How is it this line of thinking went unquestioned for so long? In Europe, Canada and the US a scattering of people pursued trans fats research from the 1960s on, but the studies were expensive and according to one researcher,” not very glamorous.” More importantly, those taking on this stepchild of a topic had to deal with the tidal wave of industry pressure unleashed against them at meetings, conferences, and events. Their papers were rebutted with unusual ferocity, and their research funding was scarce.
Dr Thomas Applewhite and Dr J. Edward Hunter, industry scientists employed, respectively, by Kraft and Proctor & Gamble (which held the original US patent for trans fat), were the principal forces behind this criticism. Given that they worked for two food giants, the potential for bias was apparent, but their ability to fund research (as well as their own encyclopedic knowledge of the field) meant they could exercise considerable influence.

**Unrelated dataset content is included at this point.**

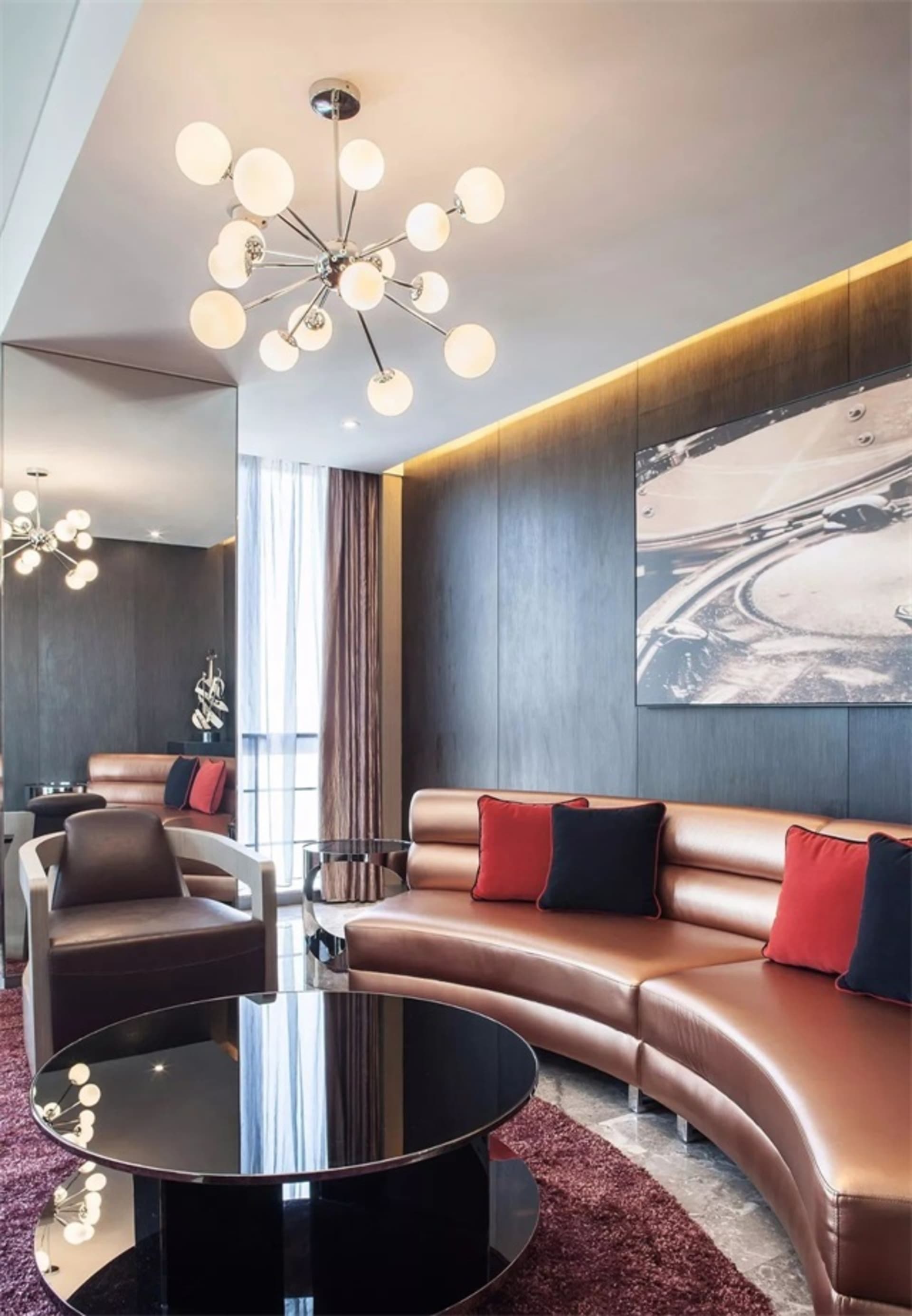 Modern living room featuring a curved leather sofa with red and black throw pillows, a black round coffee table, and a chande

“Applewhite and Hunter worked behind the scenes,” says Dr Randall Wood, a professor emeritus at Texas A&M University who has researched trans fats. “I would say they had ways of finding out if a paper was going to be reviewed on subject. There were papers, ironclad, indisputable evidence, and the reviews would be so negative. You would get paranoid”.
“Protecting trans fat from the taint of negative scientific findings was our charge,” says Dr Lars Wiedermann, who was a colleague of Applewhite’s and who used to work for Americans Soybean Association. (Soybean oil accounts for some 85 per cent of trans fats). “We spent lots of time, and lots of money and energy, refunding this work.”
One target was Dr Fred A Kummerow, 100, a professor (now emeritus) at the University of Illinois who looked at the effects of trans fats on pigs. Wiedermann says he and Applewhite “chased (Kummerow) at three or four different conventions. And our objective was to sit in the audience, and when he stopped talking, to raise a lot of question.” Kummerow admits that his early work deserves criticism, but the in tensity of the attacks “went beyond the sort of standard, respectfully exchange you’d expect among scientists.” It was enough to scare any tenure seeking scientists away from the subject.

Contention
Enig, in her own needling, relentless way at conferences and through publications, provoked special ire from Applewhite. Knocking around her office, she would pull out another study. “After I submitted it (to the Journal of the American Collage of Nutrition in 1990)”she recalls, “Tom Applewhite called up the editor of the journal and tried to convince her not to publish my work.”
“This was highly unusual, “says Dr Mildred Seelig, who was the publication’s editor at the time, and in fact she can’t recall another instance when she was similarly pressured.”I told him it was peer reviewed, and Mary Enig’s work had passed muster.”
For his part, Applewhite said he only asked to see the article before publication. Although he passed on in 2012, he was palpably bitter on the topic of Enig who died September last year. “I’ve written a lot on this subject, and I have very strong feelings. Mary Enig’s research – no, just forget it. Don’t waste your time with it I pointed out that she was wrong and that really made her angry.” Applewhite never agreed with Enig’s findings, and always referred to Willett’s work as “just a bunch of nonsense.”